**Work request**
Where the material below has a line containing "Zubehörteile set für", start repeating exactly, and keep going through the line containing "18B 18b Academy", with no other lines.

**Information**
_ _ _ _ _

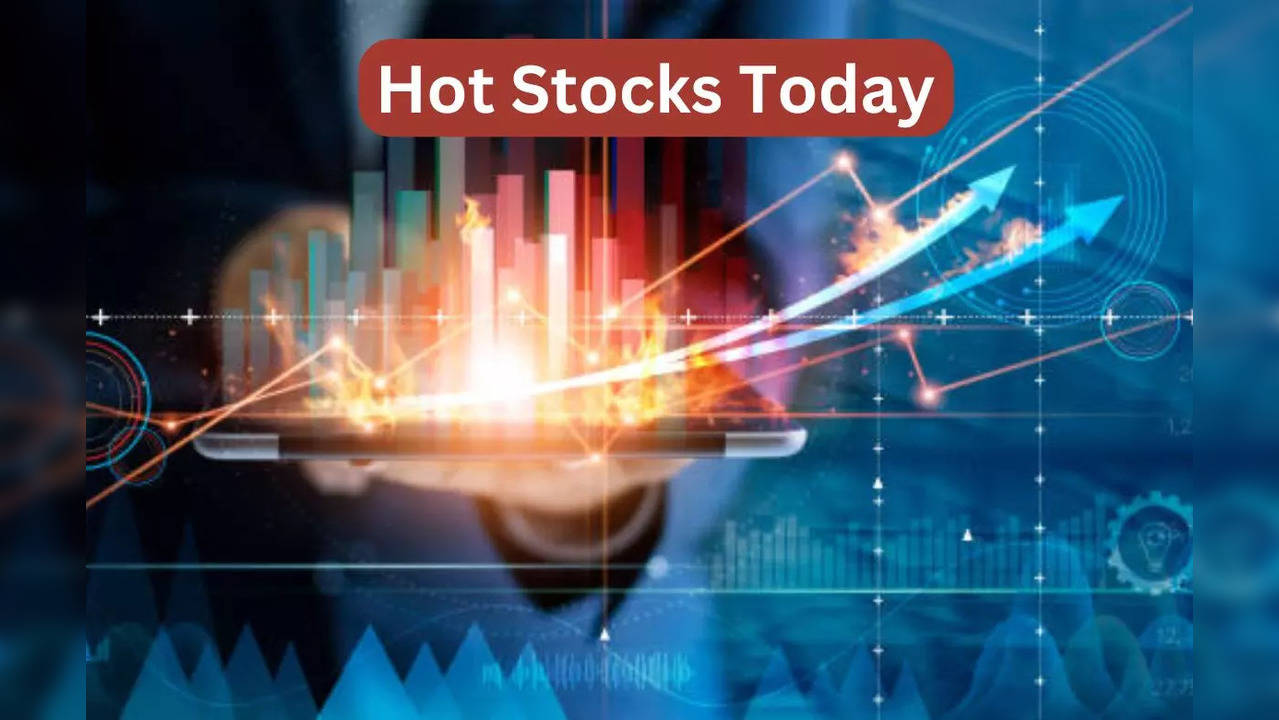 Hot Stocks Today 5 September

_ _ _ _ _

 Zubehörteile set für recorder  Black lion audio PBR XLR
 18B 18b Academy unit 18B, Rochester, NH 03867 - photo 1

_ _ _ _ _

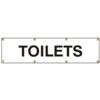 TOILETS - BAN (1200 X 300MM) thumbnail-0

_ _ _ _ _

**Task solution**
 Zubehörteile set für recorder  Black lion audio PBR XLR
 18B 18b Academy unit 18B, Rochester, NH 03867 - photo 1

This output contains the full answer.